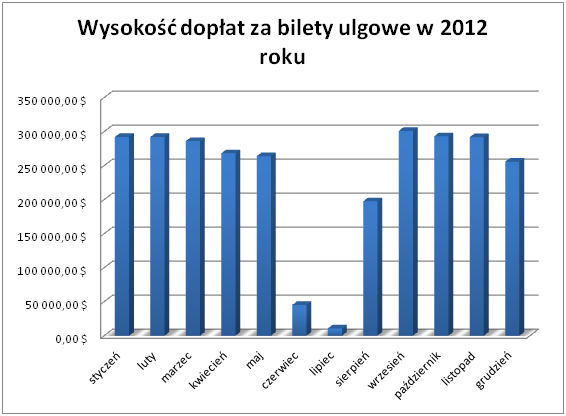 Dziennik Urzędowy Województwa Opolskiego 46 Poz. 295 Tabela 26.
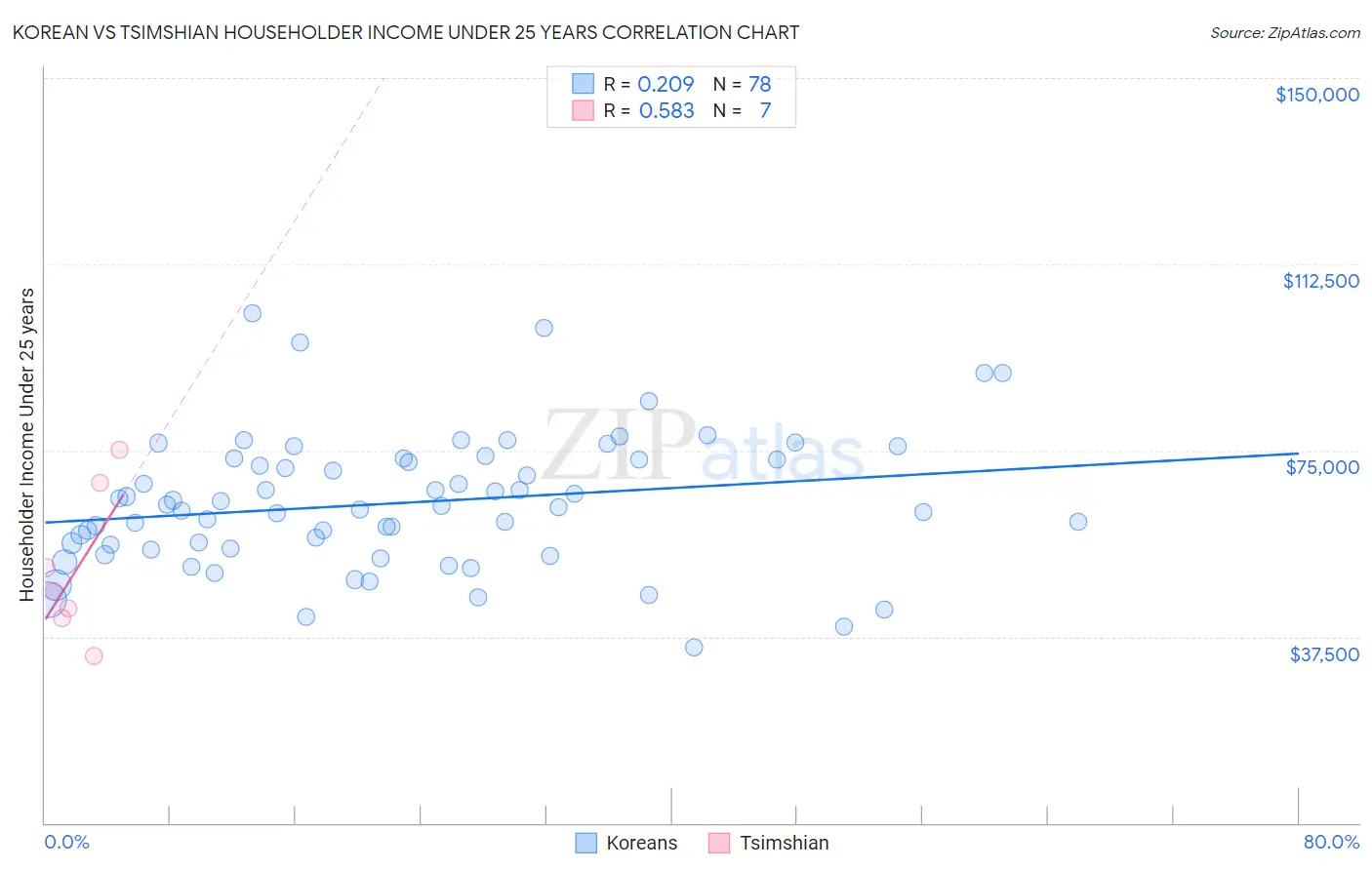 Korean vs Tsimshian Householder Income Under 25 years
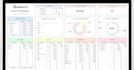 financial spreadsheet inventory tracker KPI dashboard excel calculator data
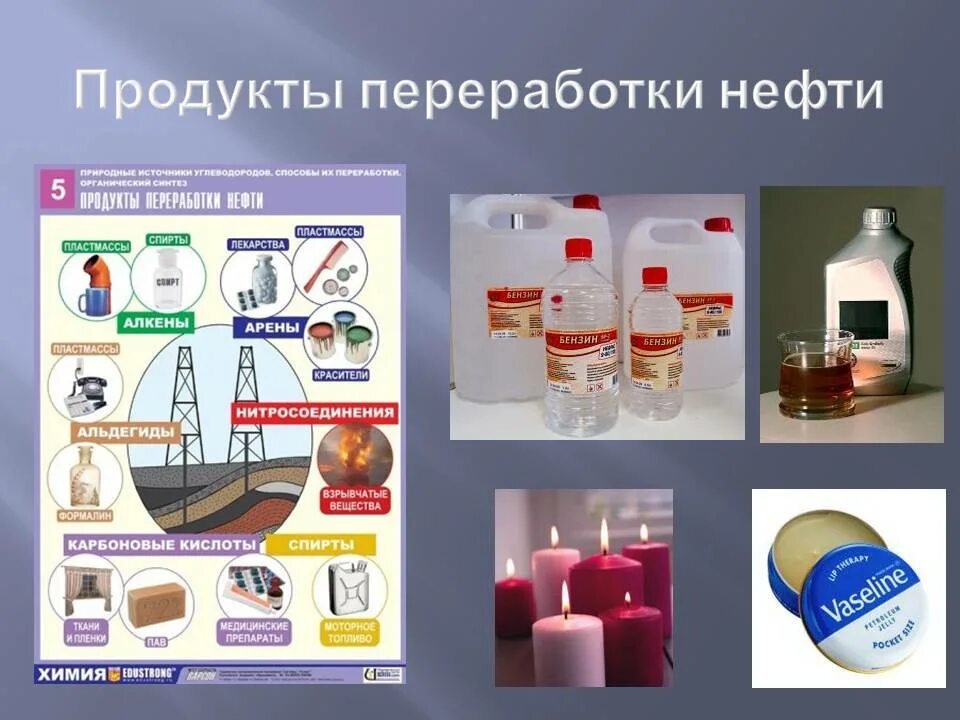 Продукты из нефти. Продукты нефтепереработки. Нефть продукты переработки нефти.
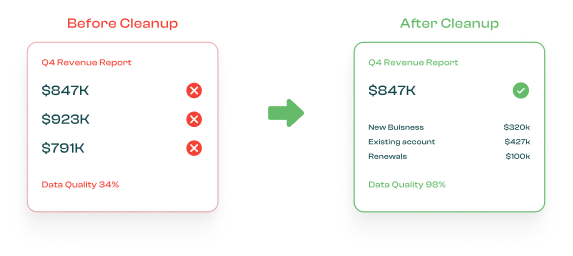 Clean and standardize CRM data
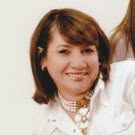 Ana Isabel Sencion Noboa - @anasencion38 - Instagram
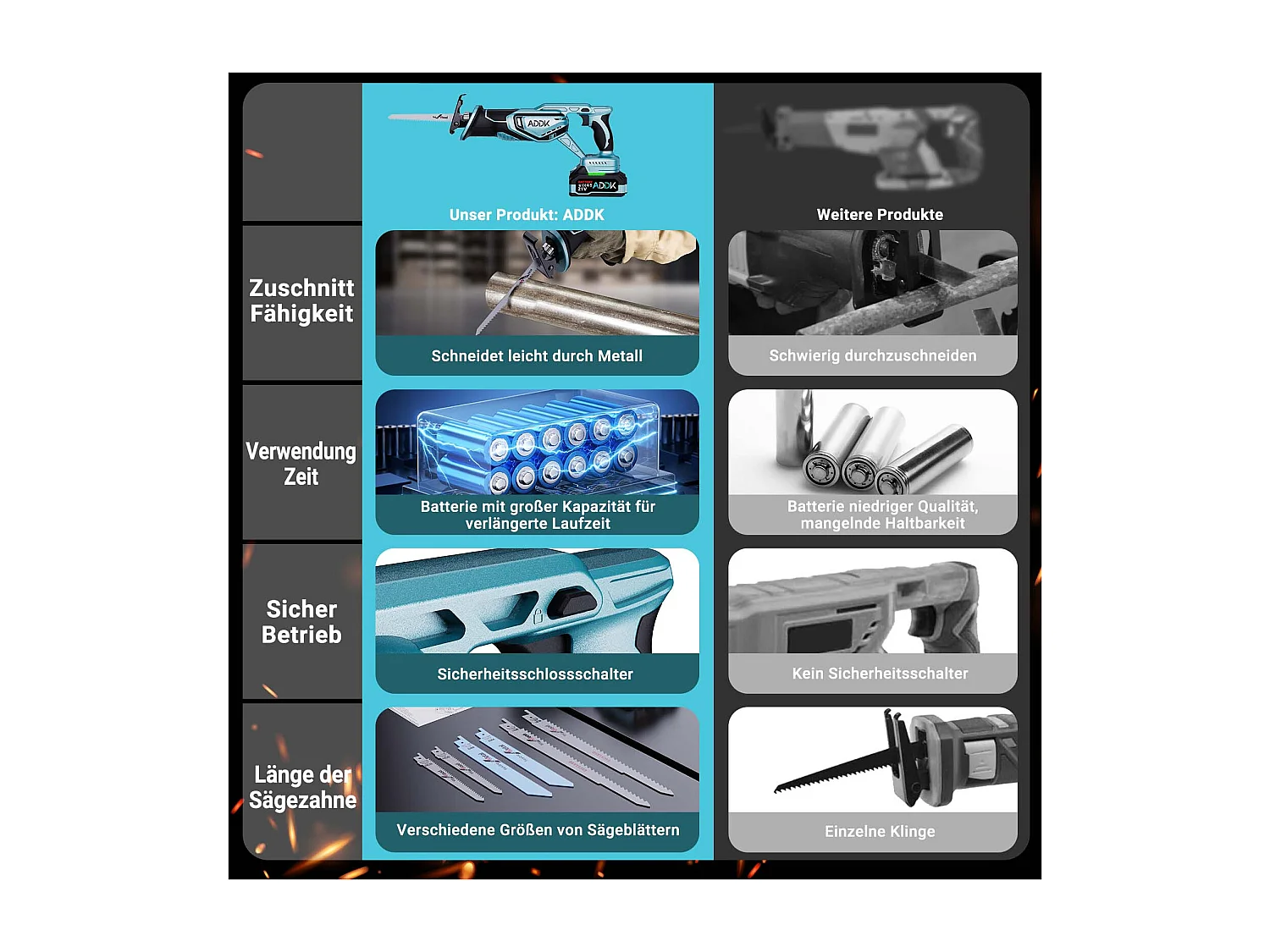 Scie à Guichet Européenne - 1x Unité Principale + 1 Batterie 4000mAh + Chargeur - 2x Lames Affûtage + 2x Lames Scie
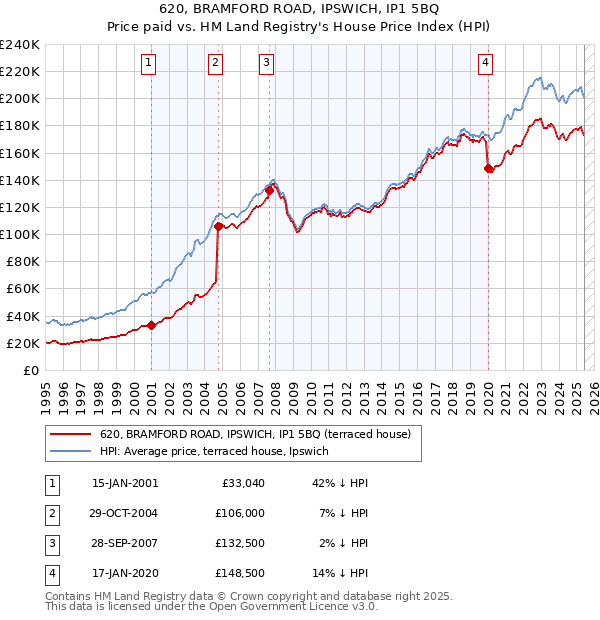 620, BRAMFORD ROAD, IPSWICH, IP1 5BQ: Price paid vs HM Land Registry's House Price Index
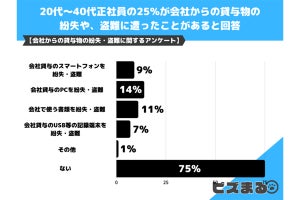 20～40代の会社員、会社からの貸与物が紛失・盗難に遭った割合は?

* Problem to solve: What's needed here is an exact repeat of all the records above, pictures excluded.

* Exercise solution:
 Dziennik Urzędowy Województwa Opolskiego 46 Poz. 295 Tabela 26.
 Korean vs Tsimshian Householder Income Under 25 years
 financial spreadsheet inventory tracker KPI dashboard excel calculator data
 Продукты из нефти. Продукты нефтепереработки. Нефть продукты переработки нефти.
 Clean and standardize CRM data
 Ana Isabel Sencion Noboa - @anasencion38 - Instagram
 Scie à Guichet Européenne - 1x Unité Principale + 1 Batterie 4000mAh + Chargeur - 2x Lames Affûtage + 2x Lames Scie
 620, BRAMFORD ROAD, IPSWICH, IP1 5BQ: Price paid vs HM Land Registry's House Price Index
 20～40代の会社員、会社からの貸与物が紛失・盗難に遭った割合は?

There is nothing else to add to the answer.